I’ve talked about niches a lot, in the past. And I also receive a TON of reader questions about them, often in the abstract sense:
- How do I pick a niche? (You don’t — you discover one and opt to fill it).
- What kind of niche can I fill with this skill set?
- How do I move away from being a generalist?
Those are totally valid questions. But they’re hard for me to answer in a satisfying way, because they’re so individually specific.
This is a Topic Best Tackled Via Case Study
So let’s remedy that by making the questions specific.
I recently published a new video to my YouTube channel. You can see that here:
Unlike my normal reader question round-ups, I dedicated the whole video to answering a single question. And this one more or less boiled down to a question of finding a niche, but with some specifics.
This particular reader already had a side hustle generating recurring monthly revenue, so I talked at length about how valuable that is. My suggestion for that particular case was to really dig into why this client paid and use that as the basis for trying to replicate and scale that side hustle into just a hustle.
The question setup lacked specifics around the actual arrangement, so it was still a little general. But I think this is the conceptual basis for something that could help us finally boil the niche ocean.
Let’s Dig into Your Niche Ideas
It has now been 6 and a half years since I was someone’s employee. I spent about half that time as a solo consultant, and the second half establishing and growing Hit Subscribe, where I’m currently the CEO of a rapidly growing (and actively hiring) business.
This field experience has probably given me the applied equivalent of an MBA. But more importantly, it has exposed me to a shipping barge’s worth of niches and niche ideas. And it has equipped me to do a decent job of evaluating them.
This is where you come in, if you’d like. Send me an idea you have for a niche, and I’ll take a look at it, offer my thoughts, and give tips for how to make it work.
You can email me at erik at daedtech or submit through the ask page.
If you’re worried about giving away your big idea, that’s your prerogative, but I wouldn’t sweat that. Ideas are cheap, and the thing standing between a current employee and a successful business is never the idea.
But, on the positive side, I’m happy to help. And I think this could be the path to having good fodder for how to find and validate niches, and how to do some marketing as well.

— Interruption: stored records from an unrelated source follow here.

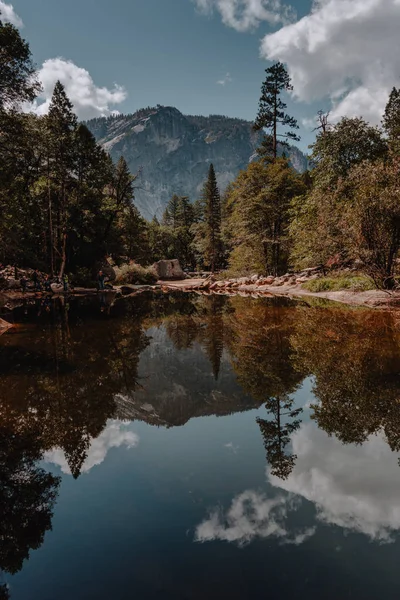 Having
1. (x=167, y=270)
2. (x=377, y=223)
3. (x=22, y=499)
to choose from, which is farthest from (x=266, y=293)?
(x=22, y=499)

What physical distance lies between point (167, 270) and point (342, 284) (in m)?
27.5

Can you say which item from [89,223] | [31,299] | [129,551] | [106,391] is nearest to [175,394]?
[106,391]

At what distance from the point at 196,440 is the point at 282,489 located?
1605 millimetres

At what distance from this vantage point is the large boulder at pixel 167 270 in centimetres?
4400

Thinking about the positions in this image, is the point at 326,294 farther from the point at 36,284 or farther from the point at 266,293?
the point at 36,284

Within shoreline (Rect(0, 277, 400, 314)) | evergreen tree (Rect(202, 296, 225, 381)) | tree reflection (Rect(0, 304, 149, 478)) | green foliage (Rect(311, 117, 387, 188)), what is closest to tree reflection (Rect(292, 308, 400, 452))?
evergreen tree (Rect(202, 296, 225, 381))

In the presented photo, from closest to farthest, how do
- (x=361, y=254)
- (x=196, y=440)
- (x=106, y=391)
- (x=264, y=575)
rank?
1. (x=264, y=575)
2. (x=196, y=440)
3. (x=106, y=391)
4. (x=361, y=254)

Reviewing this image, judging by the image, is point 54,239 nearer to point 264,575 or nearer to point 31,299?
point 31,299

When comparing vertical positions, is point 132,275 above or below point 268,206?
below

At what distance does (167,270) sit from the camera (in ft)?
146

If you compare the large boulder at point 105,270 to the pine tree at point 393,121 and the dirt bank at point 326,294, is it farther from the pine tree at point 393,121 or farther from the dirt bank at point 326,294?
the pine tree at point 393,121

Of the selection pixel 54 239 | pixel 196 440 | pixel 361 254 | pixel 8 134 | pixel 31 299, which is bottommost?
pixel 196 440

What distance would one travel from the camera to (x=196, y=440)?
4906 mm

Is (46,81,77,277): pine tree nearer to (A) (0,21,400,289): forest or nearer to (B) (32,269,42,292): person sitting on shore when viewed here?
(A) (0,21,400,289): forest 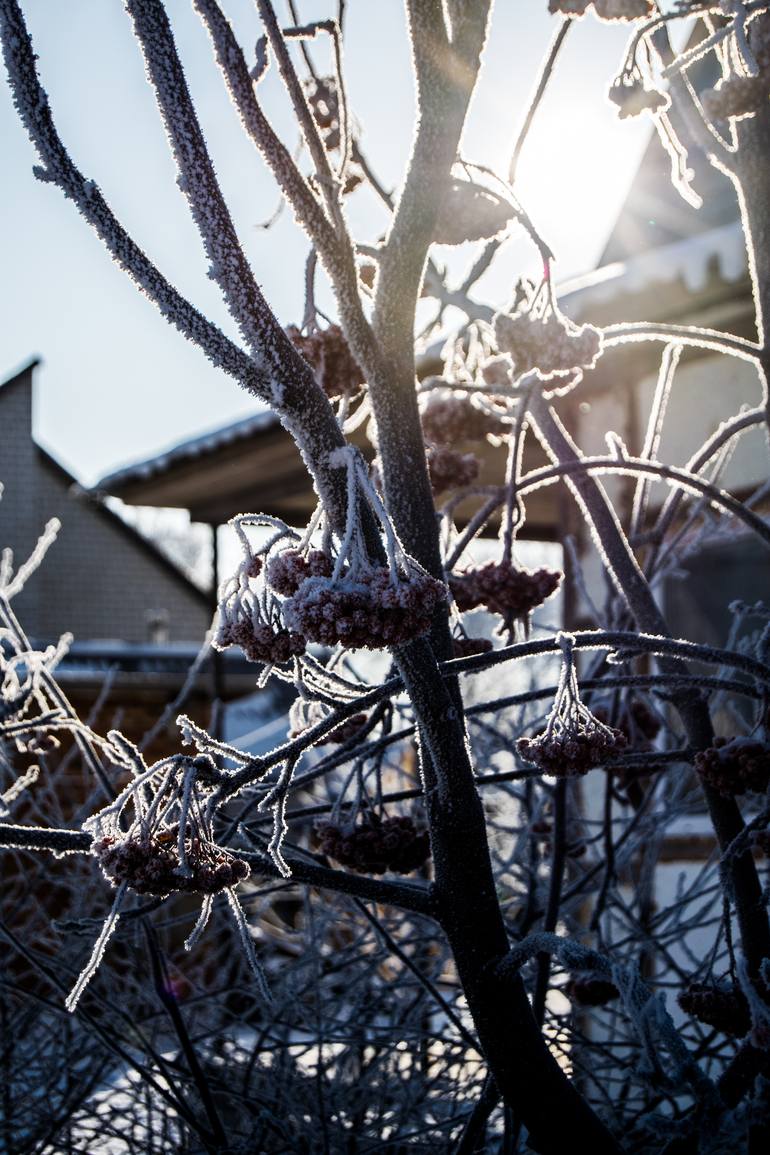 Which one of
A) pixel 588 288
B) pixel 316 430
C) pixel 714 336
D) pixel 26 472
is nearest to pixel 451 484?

So fire away with your questions about niches, if you’re so inclined.
Hey Erik, I read Developer Hegemony, passed it on to a junior I work with and have been giving some serious thought to niching down over the past few weeks/months. I have a couple of niches that seem promising and would love your thoughts. Happy to share on here…ideas are cheap, as you say. End-to-end test consultancy. I’m a freelance front-end dev based in the UK. I’ve had 3 large clients since 2016 and while each project was a replatforming app dev job I’m struggling to identify any common themes other than a lack of E2E testing. Everyone agreed it… Read more »

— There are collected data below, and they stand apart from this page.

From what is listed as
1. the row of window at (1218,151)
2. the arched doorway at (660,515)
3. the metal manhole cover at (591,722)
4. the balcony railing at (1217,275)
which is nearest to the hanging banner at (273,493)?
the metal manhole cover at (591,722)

I’m glad to hear that this thread of content is resonating — thanks for letting me know. And I’ve added the ideas (both the ones that interest you and the nays) to the backlog. Some interesting stuff to mull over, BTW. “I make recruiters suck less” would be a pretty memorable tagline for someone, if not necessarily you 🙂
Haha, thanks Erik. Look forward to getting your thoughts on the above.

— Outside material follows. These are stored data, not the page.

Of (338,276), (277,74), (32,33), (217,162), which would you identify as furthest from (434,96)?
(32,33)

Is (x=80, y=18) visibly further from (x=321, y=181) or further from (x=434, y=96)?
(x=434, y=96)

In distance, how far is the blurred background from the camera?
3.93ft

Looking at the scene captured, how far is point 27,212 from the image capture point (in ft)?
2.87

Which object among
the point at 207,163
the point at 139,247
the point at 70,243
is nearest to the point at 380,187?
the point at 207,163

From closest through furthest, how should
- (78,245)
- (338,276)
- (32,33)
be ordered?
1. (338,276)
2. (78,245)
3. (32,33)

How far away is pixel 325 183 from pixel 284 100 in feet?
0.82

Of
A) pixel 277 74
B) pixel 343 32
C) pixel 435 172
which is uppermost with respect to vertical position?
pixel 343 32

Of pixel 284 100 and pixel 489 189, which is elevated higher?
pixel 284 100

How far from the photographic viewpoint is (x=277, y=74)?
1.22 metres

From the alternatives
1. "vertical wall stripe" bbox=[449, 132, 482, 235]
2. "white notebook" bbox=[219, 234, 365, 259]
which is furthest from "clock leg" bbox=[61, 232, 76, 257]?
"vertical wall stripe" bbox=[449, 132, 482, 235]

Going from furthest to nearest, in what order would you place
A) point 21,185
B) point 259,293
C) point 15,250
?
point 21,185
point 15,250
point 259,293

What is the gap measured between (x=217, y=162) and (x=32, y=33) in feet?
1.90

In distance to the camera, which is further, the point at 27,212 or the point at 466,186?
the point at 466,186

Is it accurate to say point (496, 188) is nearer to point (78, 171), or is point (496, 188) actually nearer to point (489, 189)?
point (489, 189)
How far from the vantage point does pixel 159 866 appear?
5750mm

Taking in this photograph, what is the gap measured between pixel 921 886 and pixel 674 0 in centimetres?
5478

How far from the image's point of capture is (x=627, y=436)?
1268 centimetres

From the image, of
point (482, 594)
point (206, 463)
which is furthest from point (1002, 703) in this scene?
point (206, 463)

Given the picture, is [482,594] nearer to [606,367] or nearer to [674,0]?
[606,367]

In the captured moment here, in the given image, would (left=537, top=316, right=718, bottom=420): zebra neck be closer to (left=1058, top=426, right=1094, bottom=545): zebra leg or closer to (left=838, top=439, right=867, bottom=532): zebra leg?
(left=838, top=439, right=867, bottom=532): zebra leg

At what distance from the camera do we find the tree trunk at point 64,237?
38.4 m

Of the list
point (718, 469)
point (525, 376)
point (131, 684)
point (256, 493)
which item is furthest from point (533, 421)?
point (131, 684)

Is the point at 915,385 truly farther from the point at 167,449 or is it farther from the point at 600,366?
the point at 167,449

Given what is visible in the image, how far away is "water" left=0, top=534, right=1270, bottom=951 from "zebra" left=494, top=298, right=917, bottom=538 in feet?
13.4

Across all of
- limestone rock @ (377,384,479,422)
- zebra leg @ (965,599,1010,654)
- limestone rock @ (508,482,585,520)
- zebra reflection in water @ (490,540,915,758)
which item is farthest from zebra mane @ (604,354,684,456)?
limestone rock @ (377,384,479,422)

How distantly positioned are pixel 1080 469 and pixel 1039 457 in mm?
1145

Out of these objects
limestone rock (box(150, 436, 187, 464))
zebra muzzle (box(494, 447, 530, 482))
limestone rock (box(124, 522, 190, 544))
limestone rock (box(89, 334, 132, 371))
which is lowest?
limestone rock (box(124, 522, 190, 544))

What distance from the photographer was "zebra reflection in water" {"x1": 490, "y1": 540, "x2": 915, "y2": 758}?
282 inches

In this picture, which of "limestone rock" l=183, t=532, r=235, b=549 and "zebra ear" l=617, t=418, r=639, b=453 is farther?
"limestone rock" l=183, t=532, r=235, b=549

I’d be happy to pay you for a bit of time one-on-one to help me figure this out if that’s an option?
I appreciate the sentiment and trust in my thoughts, but I’ve always stayed away from the B2C coaching/consulting space. I should probably do a video on why that is, since it’s a bit multi-faceted, but the gist of it is that I’ve never been inclined to run a meter on anyone and I only write proposals for fairly large ticket engagements where I’m confident I can help (meaning B2B, largely). These days it’s a relatively practical matter — I’ve completely stopped consulting and just focus entirely on being the CEO of Hit Subscribe. Everything else I’m doing is pure hobby.
Honing in on your niche is super important to your success. When I first started out as a consultant, I was focused on trying to serve everyone. That makes marketing impossible… you need to know exactly who you are serving and what you are offering if you want to be able to effectively market your services.
Thanks for the reminder and for this great post!
Very well stated. And thanks for the feedback/kind words!